Figure 3 is a detailed partial perspective view 80 of an exemplary conveyor assembly 14 associated with an enhanced modular printing system 10, wherein the transfer belt moves in a direction of travel 32 with respect to an X axis, 92x, a Y axis 92y, and a Z axis 92z. The exemplary print bars 42 seen in Figure 3 are fixedly locked with respect to the chassis 12, such as through attachment structures 150 (FIG. 6-15), such as comprising a fixed portion 162 (FIG. 7) and a movable portion 164 (FIG. 7), which are configured to be alignable and lockable with respect to each other, and may be located on one or both sides 152a, 152b (FIG. 6, FIG. 7) of the chassis 12, such as through but not limited to fixed attachment plates 99.
Figure 4 is a plan view 100 of an exemplary enhanced modular printing system 10, wherein each of the print bars 42 are in an aligned and locked position 103a in relation to the chassis 12. Figure 5 is a plan view 120 of an exemplary enhanced modular printing system 10, wherein one of the print bars 42, e.g. 42d, is located in a released position 103c in relation to the chassis 12, such as with respect to a print bar bay 124, and wherein the other print bars 42 are alignably affixed 103a in relation their respective print bar bays associated with the chassis 12. The plurality of print bars 42, e.g. 42a- 42h, seen in Figure 4 and Figure 5 comprise separate, i.e. independent, modular print bars 42.
Figure 6 is an end view 140 of an exemplary enhanced modular printing system 10, wherein one of the print bars 42 is located in an aligned and locked position 103a in relation to the chassis 12. Figure 7 is an end view 160 of an exemplary enhanced modular printing system 10, wherein one of the print bars 42, e.g. 42d (FIG. 5), is located in a released position 103c in relation to the chassis 12. When a print bar 42 is located in a released position 103c, the released print bar 42 can be fully accessed, such as to carry out both daily operations and/or preventive maintenance work, such as with a maintenance system 156. As well, the printer 10 may preferably continue to operate, while specific tasks are performed on one or more of the print bars 42. As seen in Figure 6 and Figure 7, each of the print bars 42 may comprise a print bar frame 154.
The enhanced print bar 42 seen in Figure 6 and Figure 7 thus provides sliding movement for removal and installation, to provide easy access for both the print head frame 154 and for the head maintenance system 156 associated with each print bar 42. As well, enhanced modular printing system 10 has separate print bars 42 for different ink colors or other coatings 90, such that each color or coating corresponds to a separate print head frame, head maintenance tray, and vacuum anti-steam system 302 (FIG. 14).
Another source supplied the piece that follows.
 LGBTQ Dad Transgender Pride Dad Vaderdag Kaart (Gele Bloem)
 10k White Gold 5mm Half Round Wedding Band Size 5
Some exemplary embodiments of the enhanced modular printing system 10 comprise a Model C3 multipurpose digital ceramic decoration printer, e.g. CRETAPRINTER® or a CRETACOMPACT®, available through EFI Cretaprint, Inc., of Foster City, CA, USA, which are currently configured to hold up to eight print bars 42, e.g. 42a-42h, for decoration and special finishing purposes. Such modular printer systems 10 are highly configurable, and provide accurate transport of workpieces WP, e.g. up to 0.3 mm accuracy, in colors that are separated up to 2800mm.
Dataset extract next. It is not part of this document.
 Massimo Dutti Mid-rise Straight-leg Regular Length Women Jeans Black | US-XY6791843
Embodiments of the enhanced modular printing system 10 that are configured to hold a plurality of print bars 42 may preferably provide a large number of configuration options, to best meet the requirements of the user USR. For example, the user USR may readily configure the enhanced modular printing systems 10 based on any of
• number of decoration bars 42;
• number of special application bars 42;
• printing width 104 (FIG. 4);
· printing features suitable to any of resolution, speed, and ink discharge requirements; and/or
• print direction.
In some embodiments of the enhanced modular printing system 10, the user USR can initially select a configuration that best fits their current production requirements, and then, as needed or desired, the user USR can expand the system 10, such as by adding and/or replacing print bars 42, and/or by adding to a specified printing width 104.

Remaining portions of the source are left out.